Shetland radar base 'nearing completion'
A new RAF radar facility that will track Russian military aircraft approaching the north of the UK will be operational soon, the MoD has said.
The £10m Remote Radar Head facility is being built at Saxa Vord on the island of Unst in Shetland.
It will provide key information on aircraft movements across the North Sea and feed the Quick Reaction Alert (QRA) operation.
The latest QRA launch last week saw RAF Typhoons intercept two Russian bombers.
The RAF monitored the Russian Blackjack jets as they passed through international airspace, before the Typhoons from RAF Lossiemouth escorted them out of the UK's area of interest.
The Russian aircraft, which had not responded to air traffic controllers, did not enter UK sovereign airspace.
There have been 59 QRA launches in the past five years.

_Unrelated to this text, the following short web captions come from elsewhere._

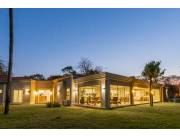 VENDO LUJOSA RESIDENCIA EN SAN BERNARIDNO VENDO LUJOSA RESIDENCIA EN SAN BERNARIDNO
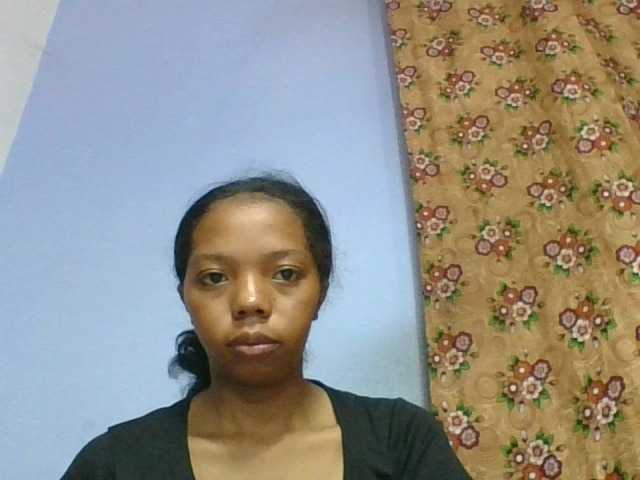 rosah1a live cam on BongaCams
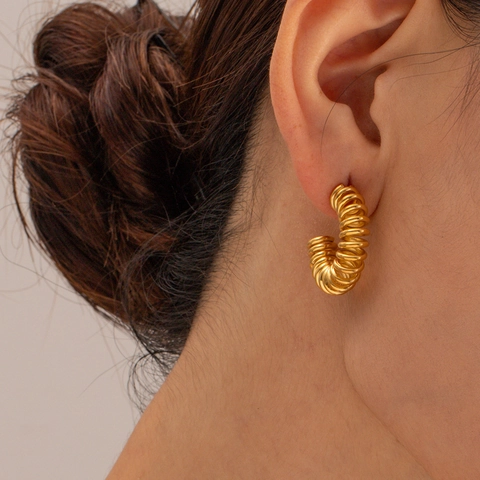 Boucles d'Oreilles Créoles en Acier Inoxydable Plaquées Or 18K en Spirale pour Femmes Bijoux Personnalisés en Forme de C Géométrique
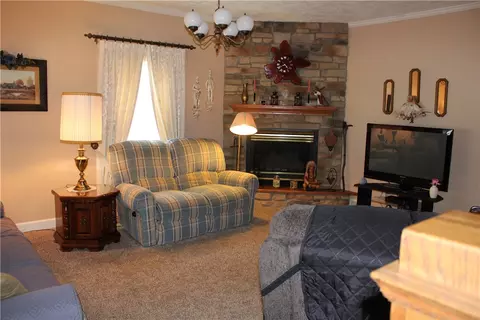 Living - 316 Beech St, Vandergrift, PA 15690 photo 1 of 3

The MoD said the new radar base would improve RAF and Nato understanding of the airspace north of Britain and further out across the Norwegian Sea at a time of increased Russian military activity.
It will see Unst return to the role it performed during the 1960s and 70s, when the site was used as an early warning radar on Nato's northern flank.

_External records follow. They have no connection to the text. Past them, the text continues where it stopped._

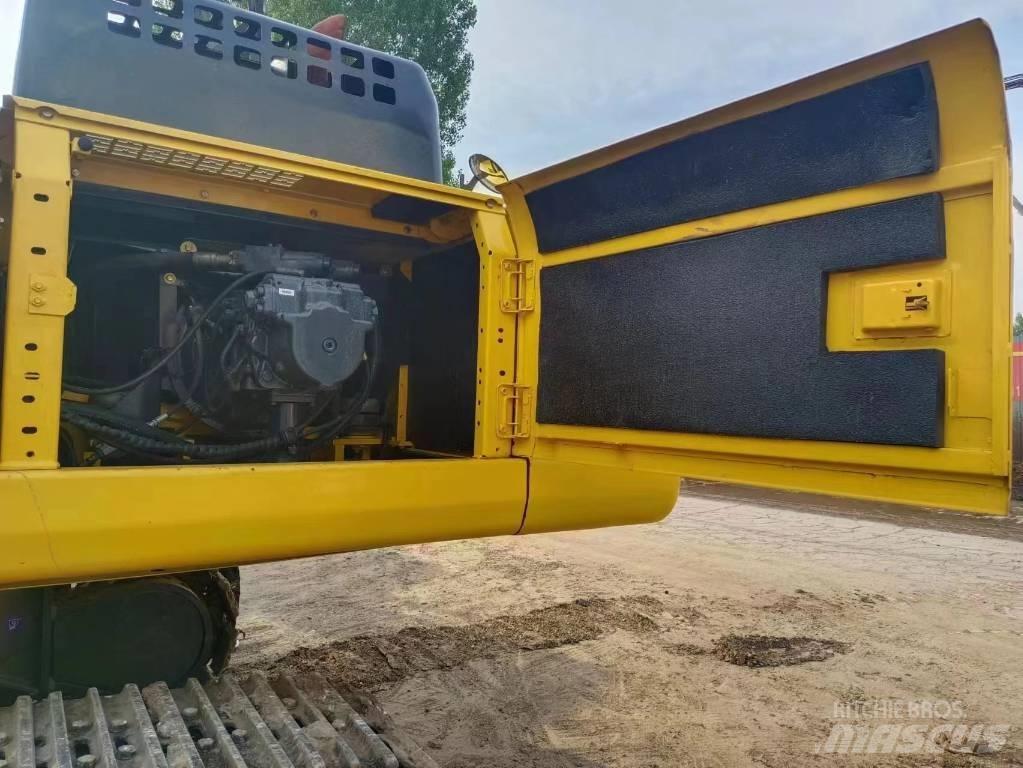Komatsu PC 400-8 Гусеничні екскаватори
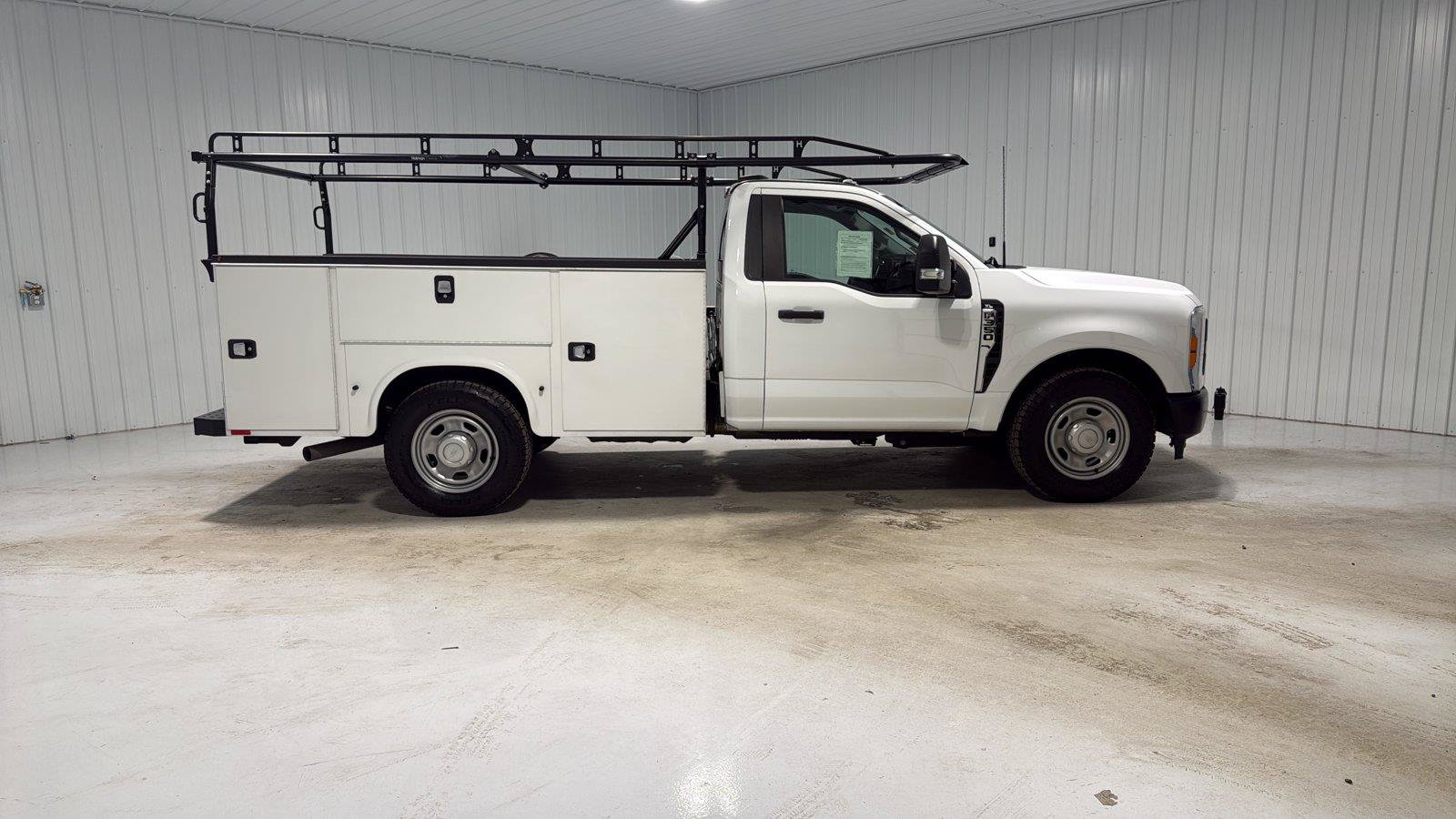 Certified 2023 Ford F350 XL RWD image 6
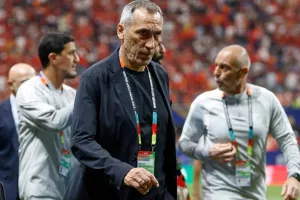Ένταση με Δώνη στη συνέντευξη Τύπου: «Πιστεύετε ότι θα με απολύσουν για το 5-4-1;»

The facility will be operated remotely by RAF personnel, with contractors only attending the site for maintenance.
It was visited on Friday by Air Chief Marshal Sir Stephen Hillier, the head of the RAF, who paid tribute to the construction team who had been working at the remote site throughout the winter.

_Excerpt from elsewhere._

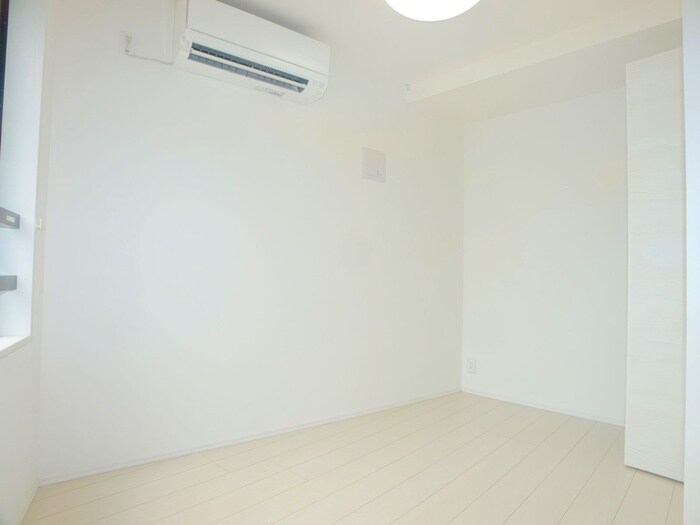 物件内観写真10　(居室)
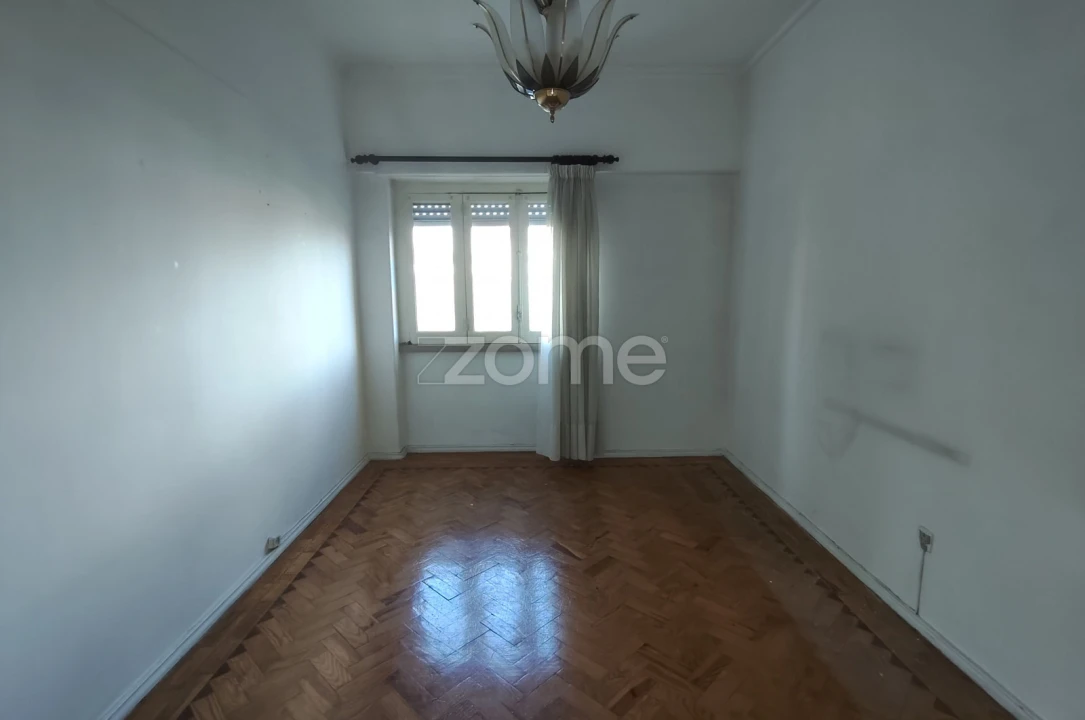 Apartamento T2 para Venda em Águas Livres Foto 8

He said: "The radar system at Saxa Vord is an important part of ensuring that the RAF can fully protect both the UK's airspace and that of our Nato allies, in the face of increasing pressure from Russia.
"Right at the tip of Shetland, Saxa Vord is a very remote site, so I'm extremely grateful to the team who have been working hard through the cold of winter, with snow and 120mph gales, to ensure that the construction has remained on schedule."
He was speaking as UK Defence Secretary Gavin Williamson warned in the Daily Telegraph that Russia could cause "thousands and thousands and thousands of deaths" by crippling UK infrastructure.
Mr Williamson said Moscow was spying on energy supplies which, if cut, could cause "total chaos" in the UK, adding that it was the "real threat" faced by the country.
Head of the British army, Sir Nick Carter, has warned that the UK is struggling to keep up with Russian capabilities.